▸ EXERCISE:
From the entries below, reproduce exactly the line containing "Relógio Freio a", the line containing "Thumbnail: 2009 GMC Sierra 1500 - 27", and every line in between, with nothing added.

*** Block opens ***

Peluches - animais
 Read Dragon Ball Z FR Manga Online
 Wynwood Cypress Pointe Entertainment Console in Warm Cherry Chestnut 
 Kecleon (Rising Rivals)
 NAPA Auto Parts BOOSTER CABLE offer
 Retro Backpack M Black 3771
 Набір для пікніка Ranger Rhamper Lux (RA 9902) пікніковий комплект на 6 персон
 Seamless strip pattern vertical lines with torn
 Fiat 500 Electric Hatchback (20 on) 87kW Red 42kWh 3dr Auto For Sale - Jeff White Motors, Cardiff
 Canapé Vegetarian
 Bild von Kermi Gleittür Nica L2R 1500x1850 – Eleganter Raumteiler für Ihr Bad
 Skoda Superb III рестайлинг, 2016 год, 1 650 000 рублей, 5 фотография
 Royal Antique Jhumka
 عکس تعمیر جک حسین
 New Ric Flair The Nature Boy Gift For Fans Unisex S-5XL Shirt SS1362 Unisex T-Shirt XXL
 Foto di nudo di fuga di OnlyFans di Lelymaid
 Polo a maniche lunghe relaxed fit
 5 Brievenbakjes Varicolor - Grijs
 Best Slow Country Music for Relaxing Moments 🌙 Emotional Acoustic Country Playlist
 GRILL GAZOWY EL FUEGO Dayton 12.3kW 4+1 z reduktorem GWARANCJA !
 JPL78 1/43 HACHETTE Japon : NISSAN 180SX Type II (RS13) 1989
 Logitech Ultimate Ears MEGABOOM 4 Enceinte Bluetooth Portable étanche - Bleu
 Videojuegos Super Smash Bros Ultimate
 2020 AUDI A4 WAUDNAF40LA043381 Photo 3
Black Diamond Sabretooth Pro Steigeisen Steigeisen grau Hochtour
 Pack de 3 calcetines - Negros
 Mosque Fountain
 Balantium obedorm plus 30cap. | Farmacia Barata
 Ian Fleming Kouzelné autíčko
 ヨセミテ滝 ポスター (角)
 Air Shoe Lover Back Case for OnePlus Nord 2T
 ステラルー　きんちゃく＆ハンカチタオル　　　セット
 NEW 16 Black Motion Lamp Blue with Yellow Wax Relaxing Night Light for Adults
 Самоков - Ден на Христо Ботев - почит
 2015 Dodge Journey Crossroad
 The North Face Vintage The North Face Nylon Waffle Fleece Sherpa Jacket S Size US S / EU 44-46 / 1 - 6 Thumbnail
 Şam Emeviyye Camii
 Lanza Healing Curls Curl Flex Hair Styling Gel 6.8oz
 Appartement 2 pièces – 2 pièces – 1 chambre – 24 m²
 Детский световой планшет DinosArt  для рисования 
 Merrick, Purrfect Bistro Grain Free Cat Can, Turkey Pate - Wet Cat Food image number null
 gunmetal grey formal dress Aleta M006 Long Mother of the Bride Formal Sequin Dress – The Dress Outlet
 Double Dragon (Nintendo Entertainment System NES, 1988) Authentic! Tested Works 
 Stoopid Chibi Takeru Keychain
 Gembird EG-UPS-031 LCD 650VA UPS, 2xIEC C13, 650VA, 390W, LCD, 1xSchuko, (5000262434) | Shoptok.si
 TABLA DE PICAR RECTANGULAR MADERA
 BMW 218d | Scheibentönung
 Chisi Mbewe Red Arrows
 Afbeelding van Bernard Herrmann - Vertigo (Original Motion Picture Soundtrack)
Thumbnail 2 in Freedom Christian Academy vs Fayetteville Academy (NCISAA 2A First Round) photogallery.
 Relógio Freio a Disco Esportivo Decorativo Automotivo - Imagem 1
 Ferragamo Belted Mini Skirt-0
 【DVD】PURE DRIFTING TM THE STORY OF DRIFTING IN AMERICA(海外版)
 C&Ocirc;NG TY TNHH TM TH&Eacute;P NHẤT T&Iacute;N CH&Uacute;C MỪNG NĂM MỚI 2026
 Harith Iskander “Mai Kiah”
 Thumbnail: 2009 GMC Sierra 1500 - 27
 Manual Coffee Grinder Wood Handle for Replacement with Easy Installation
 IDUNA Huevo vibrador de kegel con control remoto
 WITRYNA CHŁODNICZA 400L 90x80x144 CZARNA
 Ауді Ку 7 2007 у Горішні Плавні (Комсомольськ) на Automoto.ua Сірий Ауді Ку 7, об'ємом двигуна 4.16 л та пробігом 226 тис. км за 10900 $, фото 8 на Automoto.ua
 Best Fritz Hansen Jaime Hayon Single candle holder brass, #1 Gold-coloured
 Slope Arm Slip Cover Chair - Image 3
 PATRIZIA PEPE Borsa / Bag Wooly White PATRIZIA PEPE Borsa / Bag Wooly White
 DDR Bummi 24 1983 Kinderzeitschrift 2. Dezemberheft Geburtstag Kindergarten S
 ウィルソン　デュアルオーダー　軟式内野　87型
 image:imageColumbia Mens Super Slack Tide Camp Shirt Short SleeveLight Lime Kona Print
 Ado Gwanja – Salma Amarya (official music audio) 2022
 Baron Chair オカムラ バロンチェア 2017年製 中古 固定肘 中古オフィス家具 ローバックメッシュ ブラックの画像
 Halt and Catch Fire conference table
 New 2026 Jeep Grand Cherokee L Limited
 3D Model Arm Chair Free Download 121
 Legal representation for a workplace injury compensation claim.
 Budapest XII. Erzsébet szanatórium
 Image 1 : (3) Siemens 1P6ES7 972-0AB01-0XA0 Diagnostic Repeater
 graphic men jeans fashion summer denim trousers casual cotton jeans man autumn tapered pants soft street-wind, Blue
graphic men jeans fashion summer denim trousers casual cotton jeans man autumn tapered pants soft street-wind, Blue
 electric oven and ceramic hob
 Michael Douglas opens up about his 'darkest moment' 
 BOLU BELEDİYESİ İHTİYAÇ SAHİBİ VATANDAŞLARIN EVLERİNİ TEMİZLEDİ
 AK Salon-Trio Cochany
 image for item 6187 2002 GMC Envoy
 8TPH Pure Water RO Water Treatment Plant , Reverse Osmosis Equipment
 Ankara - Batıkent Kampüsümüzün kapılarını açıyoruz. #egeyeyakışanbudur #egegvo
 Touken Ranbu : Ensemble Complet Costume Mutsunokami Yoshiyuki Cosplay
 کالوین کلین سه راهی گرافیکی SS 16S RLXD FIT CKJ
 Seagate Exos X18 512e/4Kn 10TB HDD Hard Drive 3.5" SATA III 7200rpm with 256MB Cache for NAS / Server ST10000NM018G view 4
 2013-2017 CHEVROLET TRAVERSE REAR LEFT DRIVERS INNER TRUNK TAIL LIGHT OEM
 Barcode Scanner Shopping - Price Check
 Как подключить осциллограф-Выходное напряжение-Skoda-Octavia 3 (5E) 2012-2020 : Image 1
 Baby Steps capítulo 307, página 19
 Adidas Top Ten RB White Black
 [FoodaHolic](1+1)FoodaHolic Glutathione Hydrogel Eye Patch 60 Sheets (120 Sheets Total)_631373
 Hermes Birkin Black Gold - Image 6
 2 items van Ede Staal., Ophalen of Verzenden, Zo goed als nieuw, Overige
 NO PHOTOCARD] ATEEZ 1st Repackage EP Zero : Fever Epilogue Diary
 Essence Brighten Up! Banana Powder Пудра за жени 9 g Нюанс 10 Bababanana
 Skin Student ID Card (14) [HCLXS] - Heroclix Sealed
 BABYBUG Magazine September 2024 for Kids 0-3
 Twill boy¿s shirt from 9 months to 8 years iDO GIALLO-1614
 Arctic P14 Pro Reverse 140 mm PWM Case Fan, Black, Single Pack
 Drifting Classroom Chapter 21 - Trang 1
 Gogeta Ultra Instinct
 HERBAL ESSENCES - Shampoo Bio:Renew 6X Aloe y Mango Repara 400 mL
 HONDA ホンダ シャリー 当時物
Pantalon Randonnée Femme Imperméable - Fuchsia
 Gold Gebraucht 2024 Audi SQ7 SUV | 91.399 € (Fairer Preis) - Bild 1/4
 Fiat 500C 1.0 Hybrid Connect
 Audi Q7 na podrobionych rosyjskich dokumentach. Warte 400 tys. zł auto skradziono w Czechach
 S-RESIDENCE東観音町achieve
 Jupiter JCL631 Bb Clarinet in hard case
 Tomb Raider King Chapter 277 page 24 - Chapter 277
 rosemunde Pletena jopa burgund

*** Block closes ***

▸ ANSWER SPACE:
 Relógio Freio a Disco Esportivo Decorativo Automotivo - Imagem 1
 Ferragamo Belted Mini Skirt-0
 【DVD】PURE DRIFTING TM THE STORY OF DRIFTING IN AMERICA(海外版)
 C&Ocirc;NG TY TNHH TM TH&Eacute;P NHẤT T&Iacute;N CH&Uacute;C MỪNG NĂM MỚI 2026
 Harith Iskander “Mai Kiah”
 Thumbnail: 2009 GMC Sierra 1500 - 27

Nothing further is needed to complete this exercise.